Automobiles ┃ New energy vehicle companies face three major challenges
Since the beginning of the year, the new energy vehicle industry has been experiencing continuous pain, and the overall market performance is not optimistic, especially in the segmented market, where the commercial vehicle sector is even more bleak.
As April 1 approaches, what step have the corporate platforms and vehicle models reached in testing?
Recently, news regarding the national monitoring platform has attracted widespread attention in the industry, as this regulation is closely linked to the recommended directory, ultimately pointing to subsidies.
It is understood that vehicle testing and platform testing share a set of appointment systems. There is only one monitoring center at Beihang University, but there are hundreds of vehicle manufacturers and thousands of models, which gives a sense of "a thousand troops crossing a single-log bridge."
Companies must first complete the testing of platforms and vehicle models at the monitoring center, from making an appointment in advance—on-site confirmation—monitoring center testing—data organization, review, and report issuance—to finally uploading to the China Machinery, with too many factors affecting appointment, queuing, and uncertainty, the entire process can take as short as several days or as long as several months.
As long as a company has not passed the inspection for a day, it cannot be at ease for a day.
Two batches of recommended directories have been issued, and companies have no cars to sell.

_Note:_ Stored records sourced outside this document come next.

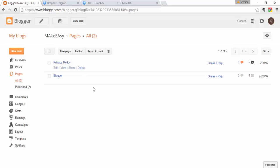In Blogger, create a new page, paste the copied HTML content, and click Publish. That's how to create a privacy policy page for your blog. Thank you for watching — if you liked this video, please subscribe to my channel and keep supporting. Thank you!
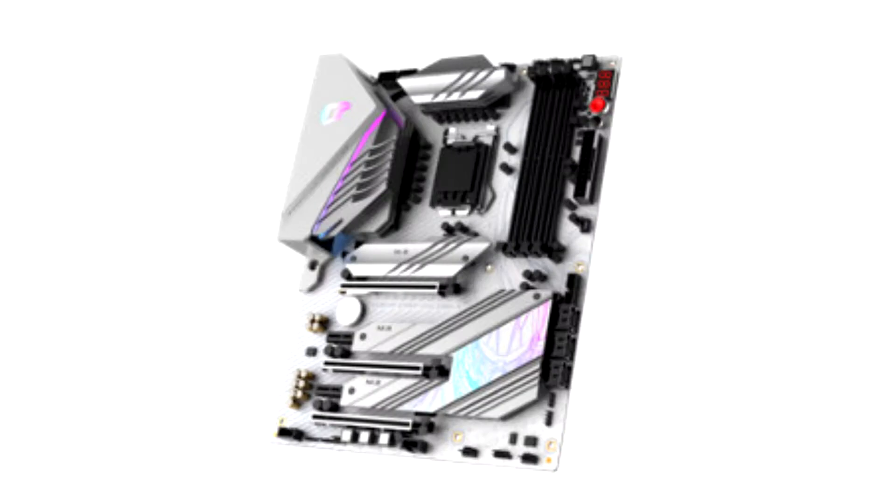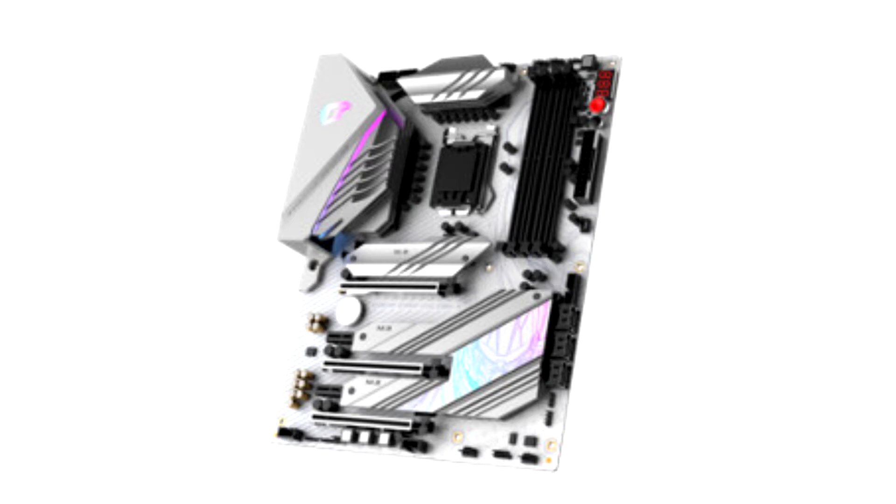Colorful introduces iGAME Z590 Vulkan W and CVN B560M Gaming Frozen Motherboards. Colorful Technology Company Limited, a professional manufacturer of graphics cards, motherboards, all-in-one gaming and multimedia solutions, and high-performance storage.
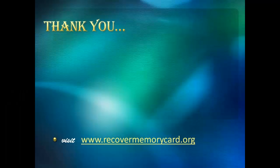I hope this session was helpful. For more information, visit RecoverMemoryCard.org. Thanks for watching.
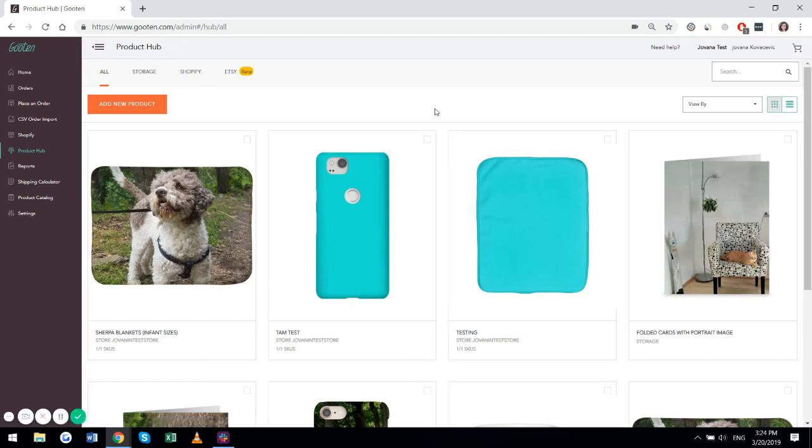Hi, I'm Jo from Guten and today I'm going to show you how to create and publish a Shopify product from our product hub.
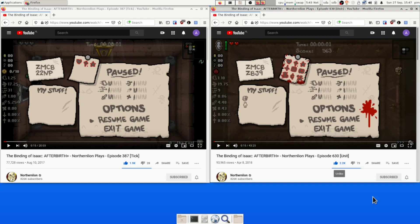A couple days ago, Northernlion was wondering in his stream if he'd ever played the same seed twice in a row. So what I was wondering is: well, did he? The math here is relatively easy.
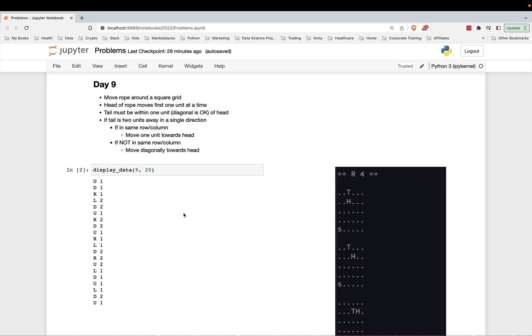Welcome everyone to Advent of Code with Pandas. This is day nine. So we're moving a rope around a grid.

A salesperson from a certain car company bluntly stated that all their cars from last year have been sold, but this year they are facing the reality that they cannot sell cars without being on the recommended directory. Not being able to sell cars without being on the recommended directory is indeed a pain point in the new energy vehicle industry, so companies must enter the recommended directory to secure a place in the market.
This year, the Ministry of Industry and Information Technology has released two batches of recommended directories, with a relatively short interval of less than two months between the first two batches, but the total number of these two batches is less than the fifth batch from last year, so companies that have not entered are looking forward to more opportunities, resulting in 294 batches of new cars being announced with over 690 new energy vehicle products declared. From a probabilistic perspective, the more companies declare, the higher the likelihood of entering the "Announcement" and "Recommended Directory."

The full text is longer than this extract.